▶ _Provided information_
=== Begin Enclosure ===

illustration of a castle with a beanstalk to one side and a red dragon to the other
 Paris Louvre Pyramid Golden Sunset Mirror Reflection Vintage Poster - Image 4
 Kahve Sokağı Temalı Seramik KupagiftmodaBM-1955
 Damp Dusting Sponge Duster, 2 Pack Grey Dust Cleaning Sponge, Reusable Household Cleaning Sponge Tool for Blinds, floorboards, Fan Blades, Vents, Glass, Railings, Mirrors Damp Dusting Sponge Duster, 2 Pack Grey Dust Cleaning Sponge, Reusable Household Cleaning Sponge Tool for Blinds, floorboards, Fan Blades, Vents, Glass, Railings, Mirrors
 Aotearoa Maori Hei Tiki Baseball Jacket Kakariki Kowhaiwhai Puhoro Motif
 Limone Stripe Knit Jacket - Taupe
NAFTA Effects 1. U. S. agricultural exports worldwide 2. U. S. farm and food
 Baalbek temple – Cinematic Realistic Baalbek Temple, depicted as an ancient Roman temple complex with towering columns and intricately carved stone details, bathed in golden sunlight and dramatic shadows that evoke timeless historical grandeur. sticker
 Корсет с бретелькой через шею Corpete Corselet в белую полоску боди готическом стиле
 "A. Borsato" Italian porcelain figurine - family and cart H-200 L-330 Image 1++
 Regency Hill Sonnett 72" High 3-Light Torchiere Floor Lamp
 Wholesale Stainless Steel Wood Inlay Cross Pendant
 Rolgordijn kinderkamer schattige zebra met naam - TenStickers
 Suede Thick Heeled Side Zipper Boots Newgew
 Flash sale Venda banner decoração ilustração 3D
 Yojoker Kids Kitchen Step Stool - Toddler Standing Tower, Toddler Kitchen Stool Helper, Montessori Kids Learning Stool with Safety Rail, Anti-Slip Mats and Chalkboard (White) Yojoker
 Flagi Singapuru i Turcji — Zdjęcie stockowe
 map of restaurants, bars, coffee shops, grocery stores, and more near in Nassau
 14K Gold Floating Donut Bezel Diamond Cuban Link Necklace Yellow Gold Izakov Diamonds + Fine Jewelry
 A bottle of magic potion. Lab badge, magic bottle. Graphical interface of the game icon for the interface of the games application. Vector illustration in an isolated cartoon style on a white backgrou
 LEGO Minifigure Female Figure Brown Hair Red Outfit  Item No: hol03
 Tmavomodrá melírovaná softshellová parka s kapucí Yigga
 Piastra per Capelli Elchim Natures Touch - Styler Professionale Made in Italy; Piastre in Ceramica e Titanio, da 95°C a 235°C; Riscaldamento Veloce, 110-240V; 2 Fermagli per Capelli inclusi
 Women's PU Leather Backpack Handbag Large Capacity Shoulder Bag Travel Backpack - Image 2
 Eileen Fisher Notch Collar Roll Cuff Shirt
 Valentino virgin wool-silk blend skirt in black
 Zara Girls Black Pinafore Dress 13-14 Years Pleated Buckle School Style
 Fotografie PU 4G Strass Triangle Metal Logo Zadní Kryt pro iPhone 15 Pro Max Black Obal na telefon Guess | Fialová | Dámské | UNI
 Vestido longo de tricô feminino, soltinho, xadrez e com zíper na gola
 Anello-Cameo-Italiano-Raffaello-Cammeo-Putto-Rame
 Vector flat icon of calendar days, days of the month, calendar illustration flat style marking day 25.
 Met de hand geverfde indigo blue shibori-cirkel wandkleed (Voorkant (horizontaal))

=== End Enclosure ===

▶ _Requirement_
In the data above, which lines lie between the line with "A bottle of" and the line with "Fotografie PU 4G", inclusive? Print those lines exactly and nothing else.

▶ _Exercise output_
 A bottle of magic potion. Lab badge, magic bottle. Graphical interface of the game icon for the interface of the games application. Vector illustration in an isolated cartoon style on a white backgrou
 LEGO Minifigure Female Figure Brown Hair Red Outfit  Item No: hol03
 Tmavomodrá melírovaná softshellová parka s kapucí Yigga
 Piastra per Capelli Elchim Natures Touch - Styler Professionale Made in Italy; Piastre in Ceramica e Titanio, da 95°C a 235°C; Riscaldamento Veloce, 110-240V; 2 Fermagli per Capelli inclusi
 Women's PU Leather Backpack Handbag Large Capacity Shoulder Bag Travel Backpack - Image 2
 Eileen Fisher Notch Collar Roll Cuff Shirt
 Valentino virgin wool-silk blend skirt in black
 Zara Girls Black Pinafore Dress 13-14 Years Pleated Buckle School Style
 Fotografie PU 4G Strass Triangle Metal Logo Zadní Kryt pro iPhone 15 Pro Max Black Obal na telefon Guess | Fialová | Dámské | UNI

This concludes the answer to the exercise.